*Listed entries*
+-------+

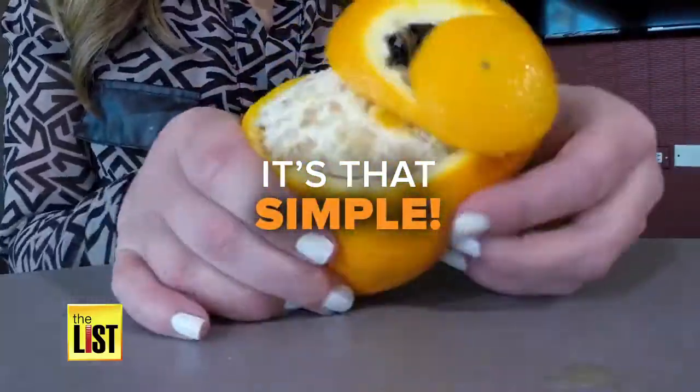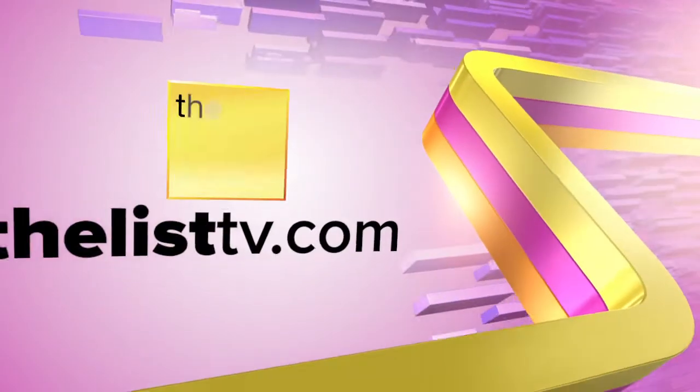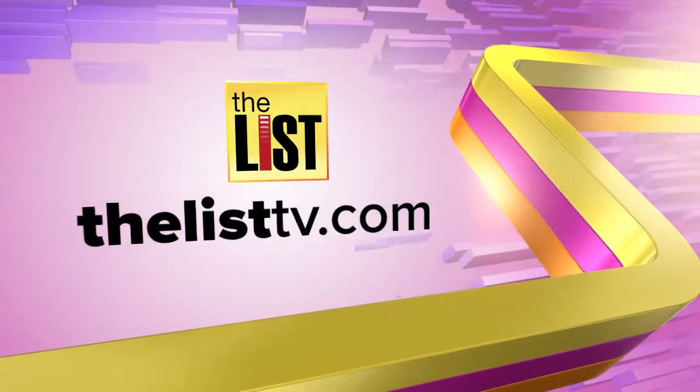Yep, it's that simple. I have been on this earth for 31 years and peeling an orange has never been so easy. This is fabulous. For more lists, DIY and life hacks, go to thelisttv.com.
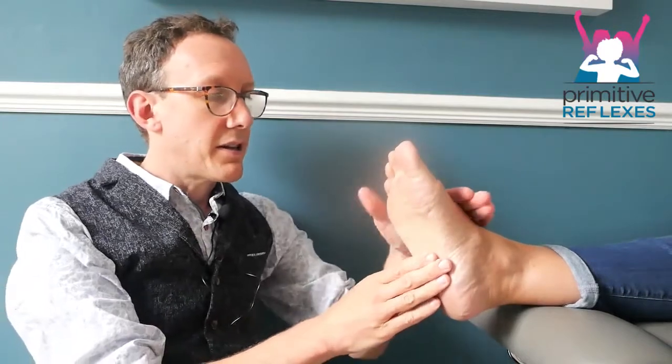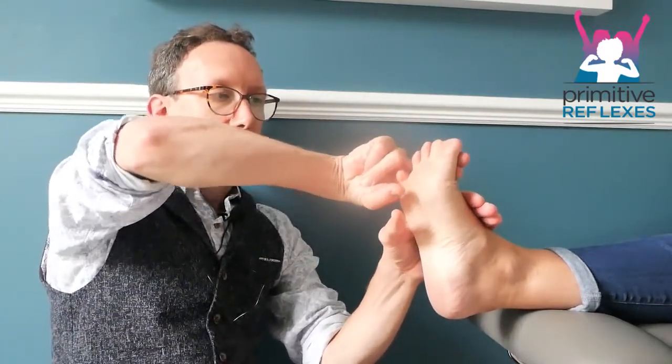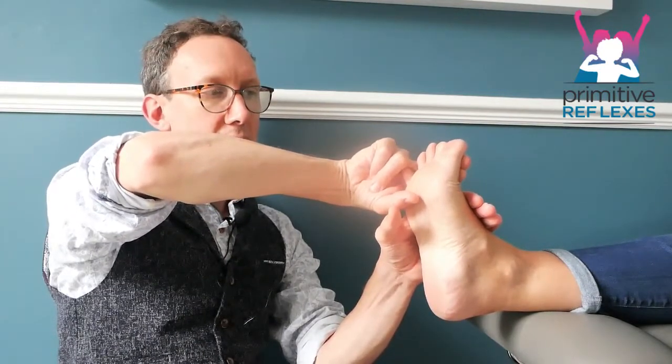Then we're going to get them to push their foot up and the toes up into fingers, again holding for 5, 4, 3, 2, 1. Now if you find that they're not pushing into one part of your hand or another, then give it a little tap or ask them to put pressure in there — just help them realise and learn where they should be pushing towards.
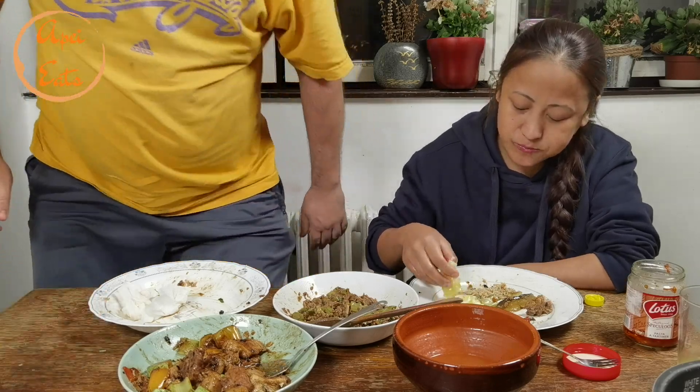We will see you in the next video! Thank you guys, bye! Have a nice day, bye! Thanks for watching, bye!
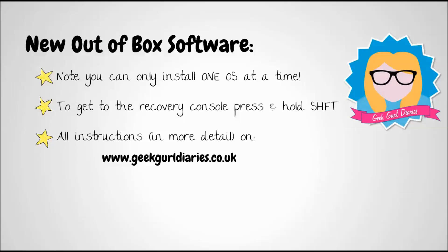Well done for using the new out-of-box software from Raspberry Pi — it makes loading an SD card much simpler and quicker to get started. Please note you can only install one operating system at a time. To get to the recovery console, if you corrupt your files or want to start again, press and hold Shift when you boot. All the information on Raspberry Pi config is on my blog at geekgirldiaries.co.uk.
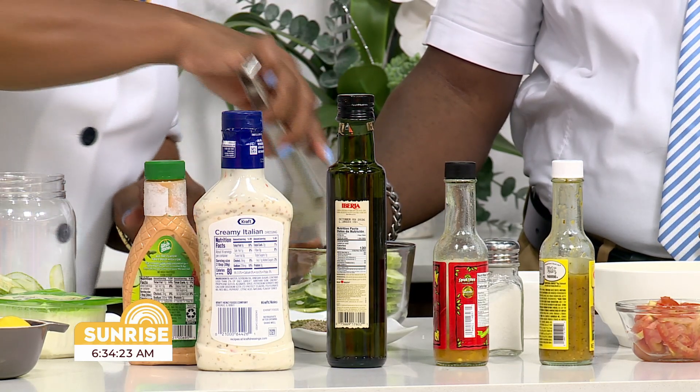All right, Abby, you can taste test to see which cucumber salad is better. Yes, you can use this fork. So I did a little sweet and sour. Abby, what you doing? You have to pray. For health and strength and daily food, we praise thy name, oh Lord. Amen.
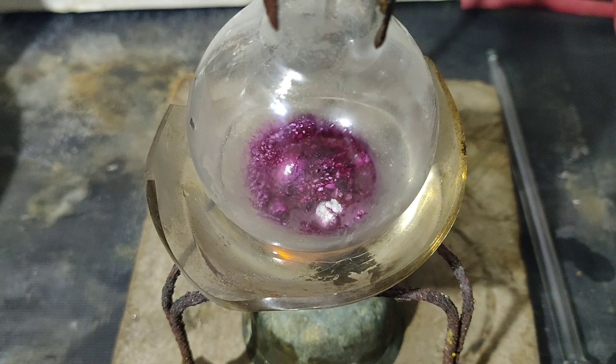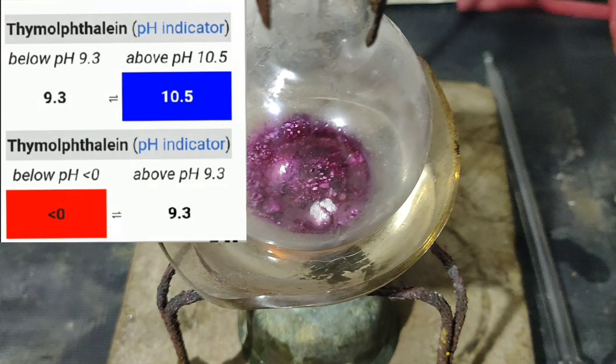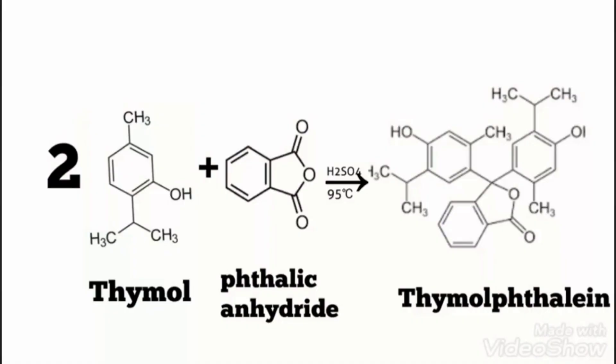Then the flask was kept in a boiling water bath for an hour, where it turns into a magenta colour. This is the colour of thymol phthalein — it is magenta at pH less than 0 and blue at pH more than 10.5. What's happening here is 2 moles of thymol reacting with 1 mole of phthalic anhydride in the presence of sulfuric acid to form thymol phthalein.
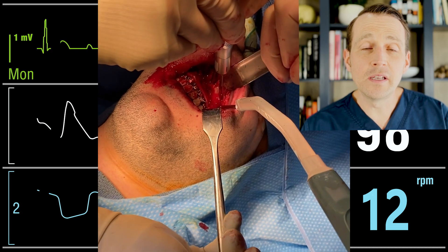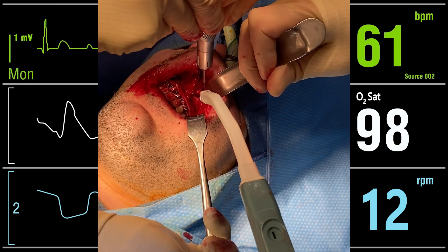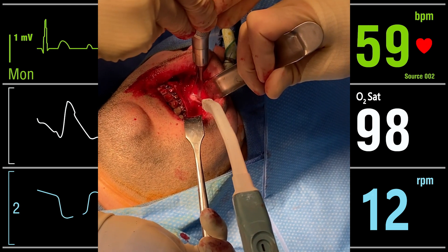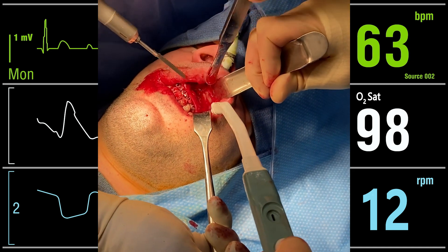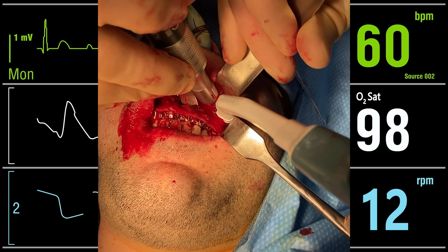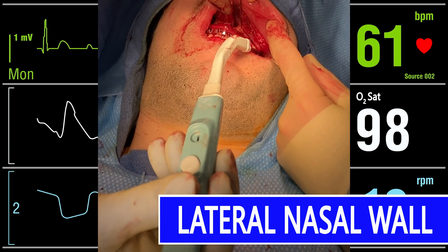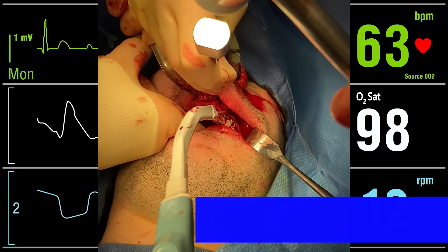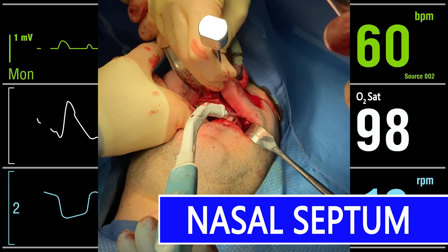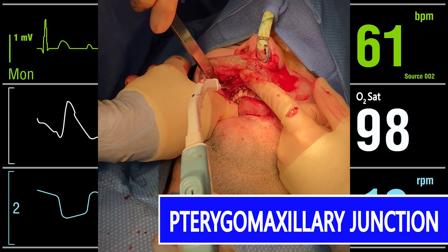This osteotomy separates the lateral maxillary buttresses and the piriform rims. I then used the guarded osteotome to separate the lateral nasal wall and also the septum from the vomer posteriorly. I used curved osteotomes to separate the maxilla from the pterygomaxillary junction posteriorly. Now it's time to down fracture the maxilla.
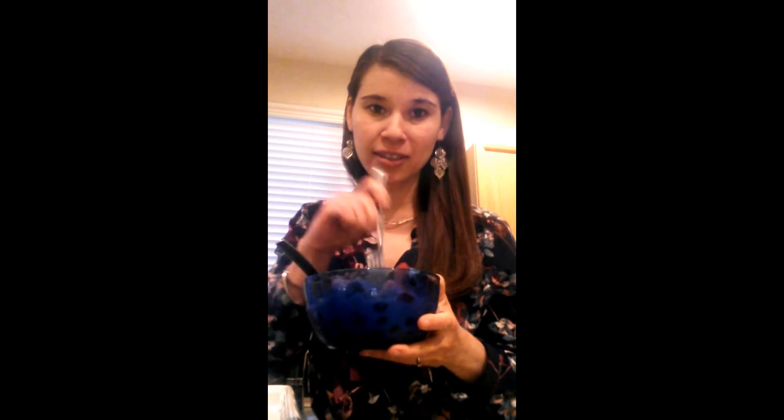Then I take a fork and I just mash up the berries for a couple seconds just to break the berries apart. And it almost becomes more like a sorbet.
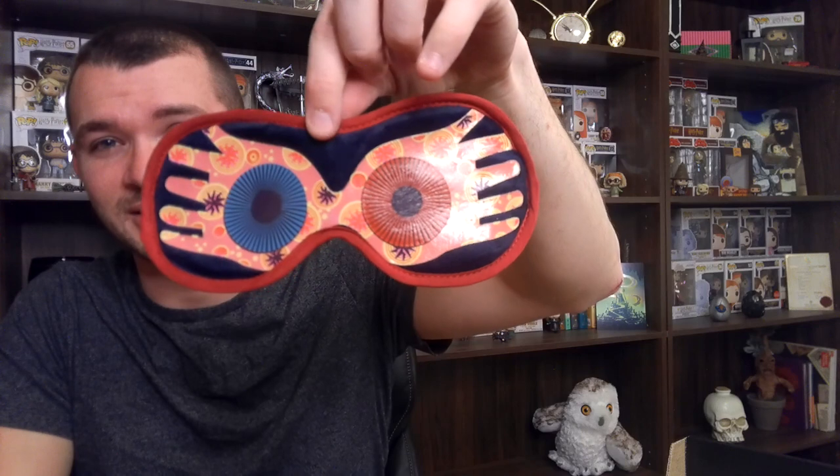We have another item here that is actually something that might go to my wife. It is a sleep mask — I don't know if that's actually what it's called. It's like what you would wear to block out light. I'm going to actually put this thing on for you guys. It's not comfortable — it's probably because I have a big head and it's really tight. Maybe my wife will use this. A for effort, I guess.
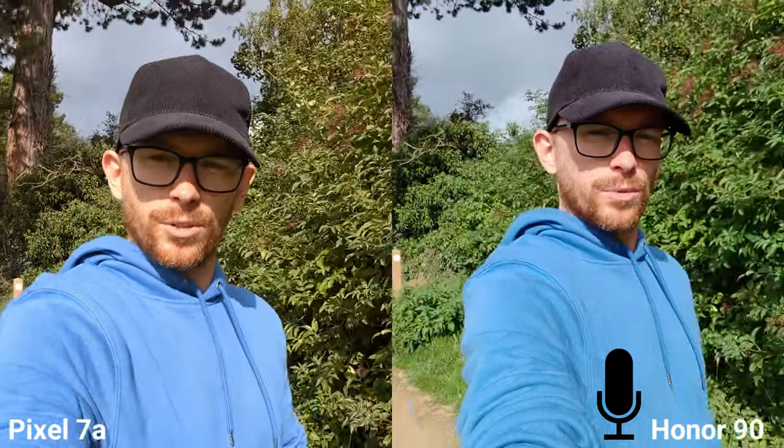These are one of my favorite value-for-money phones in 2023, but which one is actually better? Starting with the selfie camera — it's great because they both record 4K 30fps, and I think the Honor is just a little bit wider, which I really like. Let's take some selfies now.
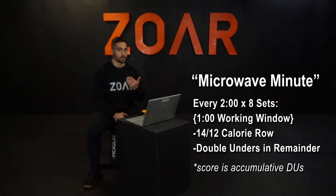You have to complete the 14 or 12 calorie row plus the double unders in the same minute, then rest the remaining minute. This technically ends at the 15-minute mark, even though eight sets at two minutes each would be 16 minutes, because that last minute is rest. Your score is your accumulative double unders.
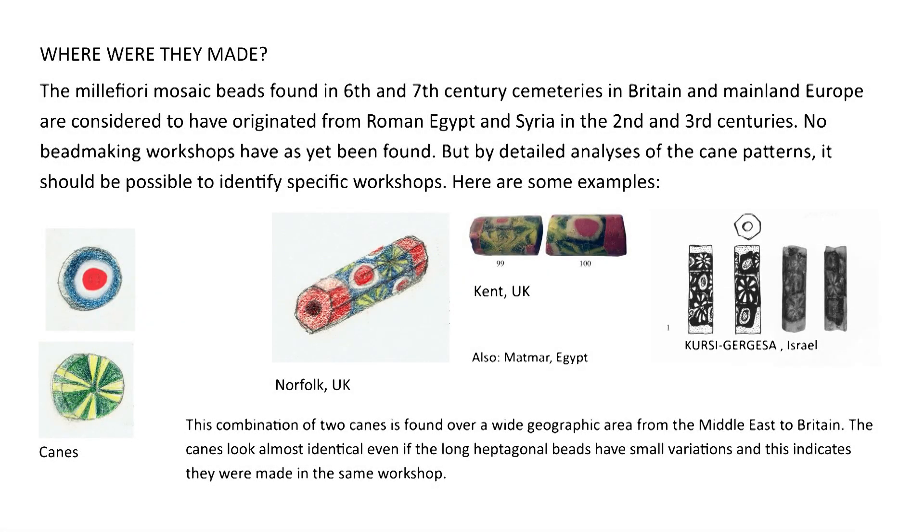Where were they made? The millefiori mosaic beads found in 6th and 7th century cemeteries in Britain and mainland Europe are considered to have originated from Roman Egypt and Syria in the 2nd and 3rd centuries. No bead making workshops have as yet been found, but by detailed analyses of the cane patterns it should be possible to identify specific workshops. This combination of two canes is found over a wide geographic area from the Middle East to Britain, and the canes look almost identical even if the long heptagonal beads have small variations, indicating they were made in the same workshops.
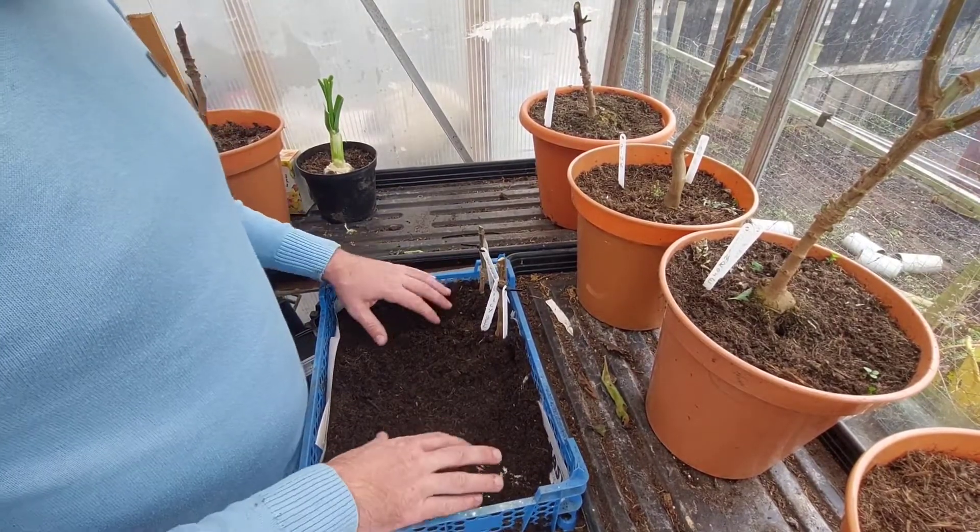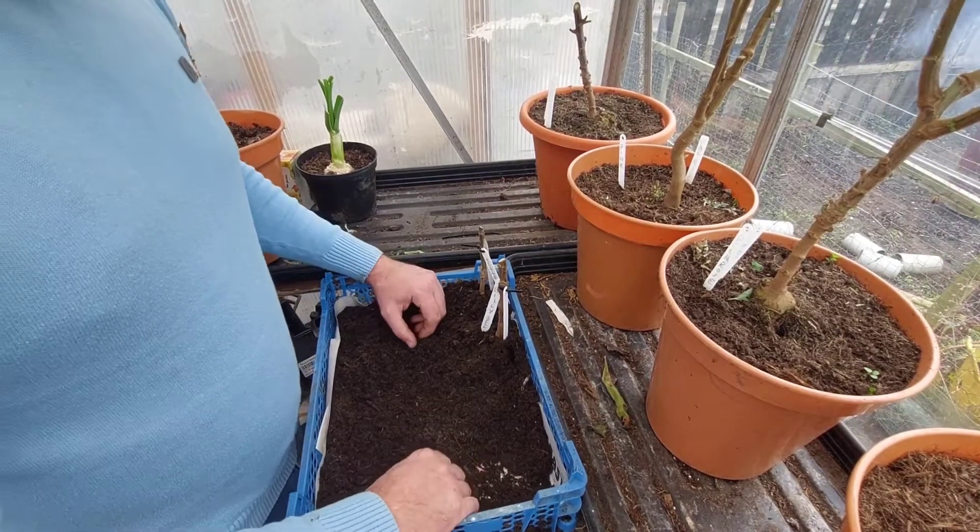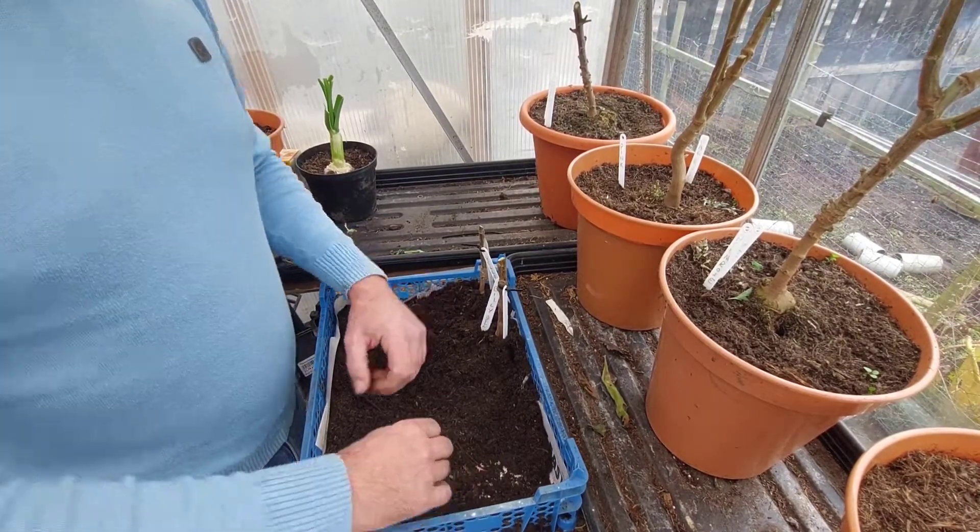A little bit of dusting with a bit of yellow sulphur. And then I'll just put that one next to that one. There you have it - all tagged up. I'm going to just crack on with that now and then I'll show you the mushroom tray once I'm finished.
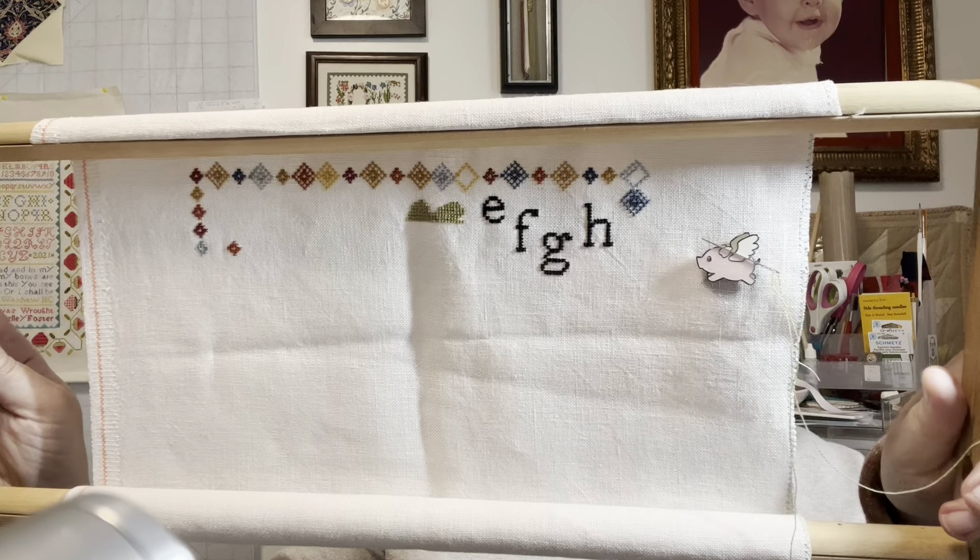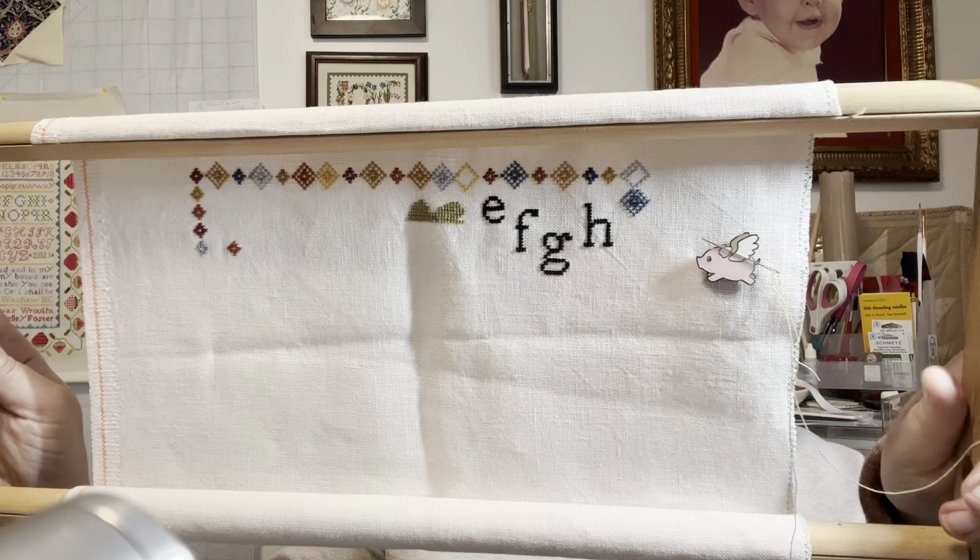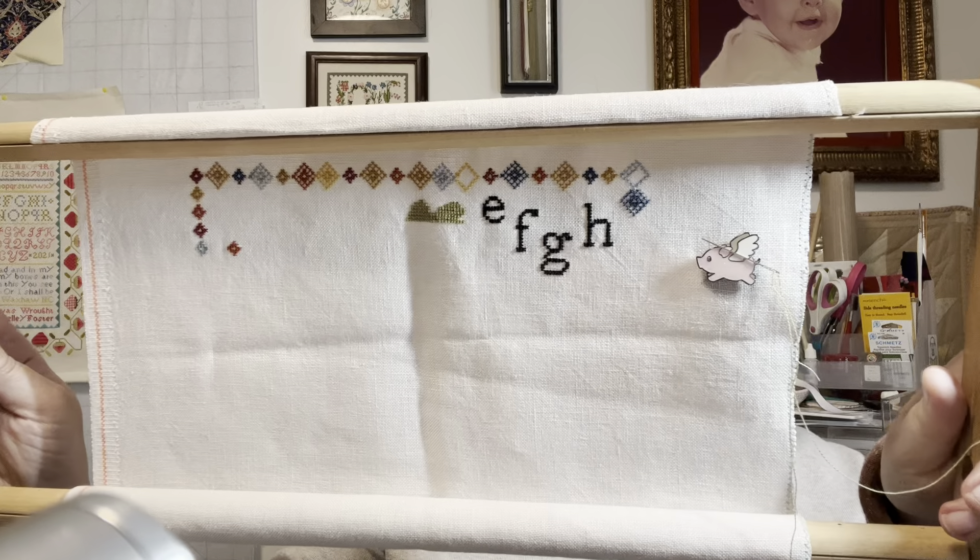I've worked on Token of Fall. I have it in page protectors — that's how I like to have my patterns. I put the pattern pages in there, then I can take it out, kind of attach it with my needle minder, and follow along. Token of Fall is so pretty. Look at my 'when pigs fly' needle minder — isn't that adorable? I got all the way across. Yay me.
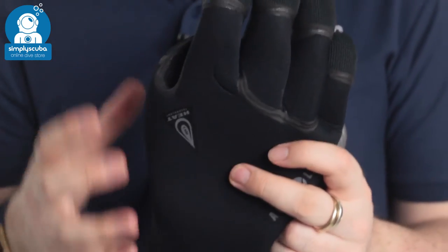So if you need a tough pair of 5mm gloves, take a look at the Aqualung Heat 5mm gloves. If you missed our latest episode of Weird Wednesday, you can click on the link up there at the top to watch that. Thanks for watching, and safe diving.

+-------+

In the listing above, find the line with "Then I take" and the line with "We have another". Copy both of them and every line between, exactly, but not the pictures.

Then I take a fork and I just mash up the berries for a couple seconds just to break the berries apart. And it almost becomes more like a sorbet.
We have another item here that is actually something that might go to my wife. It is a sleep mask — I don't know if that's actually what it's called. It's like what you would wear to block out light. I'm going to actually put this thing on for you guys. It's not comfortable — it's probably because I have a big head and it's really tight. Maybe my wife will use this. A for effort, I guess.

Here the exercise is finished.